Ternyata, kondisi seperti ini sudah disinyalir dan diingatkan oleh Allah Subhanahu Wata’aalaa dalam Quran Surat An-Nahl : 92

وَلاَ تَكُونُواْ كَالَّتِي نَقَضَتْ غَزْلَهَا مِن بَعْدِ قُوَّةٍ أَنكَاثًا

“Dan janganlah kamu seperti seorang perempuan yang menguraikan benangnya yang sudah dipintal dengan kuat, sehingga menjadi cerai berai kembali.” (QS. An Nahl: 92)

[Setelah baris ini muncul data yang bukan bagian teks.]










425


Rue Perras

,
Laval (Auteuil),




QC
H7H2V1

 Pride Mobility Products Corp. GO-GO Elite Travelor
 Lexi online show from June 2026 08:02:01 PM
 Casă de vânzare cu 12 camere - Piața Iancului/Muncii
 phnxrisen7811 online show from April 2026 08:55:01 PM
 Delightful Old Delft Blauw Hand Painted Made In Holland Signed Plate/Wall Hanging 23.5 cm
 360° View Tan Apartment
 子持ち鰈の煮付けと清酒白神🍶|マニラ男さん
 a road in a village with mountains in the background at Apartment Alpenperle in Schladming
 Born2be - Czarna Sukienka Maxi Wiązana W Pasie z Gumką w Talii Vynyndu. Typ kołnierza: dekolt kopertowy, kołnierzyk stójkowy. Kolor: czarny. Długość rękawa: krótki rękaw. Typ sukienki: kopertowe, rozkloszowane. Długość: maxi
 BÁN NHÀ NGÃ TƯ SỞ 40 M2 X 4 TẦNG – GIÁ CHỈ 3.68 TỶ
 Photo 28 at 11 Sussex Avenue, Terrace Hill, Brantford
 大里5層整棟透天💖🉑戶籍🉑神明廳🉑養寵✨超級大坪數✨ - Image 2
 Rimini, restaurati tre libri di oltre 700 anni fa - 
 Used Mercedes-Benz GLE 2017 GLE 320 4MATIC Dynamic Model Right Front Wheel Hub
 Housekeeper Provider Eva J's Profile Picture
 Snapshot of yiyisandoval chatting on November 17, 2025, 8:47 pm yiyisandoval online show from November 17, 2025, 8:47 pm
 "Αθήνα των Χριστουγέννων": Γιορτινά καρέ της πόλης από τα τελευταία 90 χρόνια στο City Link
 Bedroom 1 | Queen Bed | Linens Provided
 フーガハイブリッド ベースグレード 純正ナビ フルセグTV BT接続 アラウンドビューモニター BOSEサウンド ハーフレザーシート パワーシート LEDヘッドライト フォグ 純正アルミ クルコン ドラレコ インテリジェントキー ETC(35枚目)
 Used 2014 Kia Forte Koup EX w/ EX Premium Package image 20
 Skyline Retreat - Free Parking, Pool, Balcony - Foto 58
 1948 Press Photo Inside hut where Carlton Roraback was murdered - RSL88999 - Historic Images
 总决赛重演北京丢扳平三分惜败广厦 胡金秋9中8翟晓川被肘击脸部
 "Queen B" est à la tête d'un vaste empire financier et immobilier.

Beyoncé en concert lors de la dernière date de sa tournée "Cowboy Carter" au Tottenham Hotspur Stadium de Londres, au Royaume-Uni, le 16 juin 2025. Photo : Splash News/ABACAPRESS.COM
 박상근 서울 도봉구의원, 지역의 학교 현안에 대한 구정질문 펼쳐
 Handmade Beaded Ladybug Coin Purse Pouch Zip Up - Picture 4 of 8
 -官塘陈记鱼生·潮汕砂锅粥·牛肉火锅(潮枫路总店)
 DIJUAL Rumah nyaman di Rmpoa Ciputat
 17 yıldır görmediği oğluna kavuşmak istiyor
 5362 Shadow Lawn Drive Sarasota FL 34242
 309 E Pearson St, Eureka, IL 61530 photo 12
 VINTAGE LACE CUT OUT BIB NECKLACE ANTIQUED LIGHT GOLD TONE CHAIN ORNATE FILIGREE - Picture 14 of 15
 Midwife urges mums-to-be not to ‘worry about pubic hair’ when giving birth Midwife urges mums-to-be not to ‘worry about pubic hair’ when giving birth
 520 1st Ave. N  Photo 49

Dalam ayat di atas,  Allah Subhanahu Wata’aalaa merekam kisah seorang wanita yang hidupnya sia-sia. Dari pagi sampai sore, pekerjaannya memintal benang. Sore hari, ketika pintalan benang itu selesai dan kuat, ia cerai beraikan kembali hasil pintalannya.

Kisah tersebut sengaja ditampilkan Allah Subhanahu Wata’ala agar kita dapat mengambil ibrah/ pelajaran. Jangan sampai amal ibadah yang sudah kita kerjakan secara istiqamah selama Ramadhan, terhenti begitu saja.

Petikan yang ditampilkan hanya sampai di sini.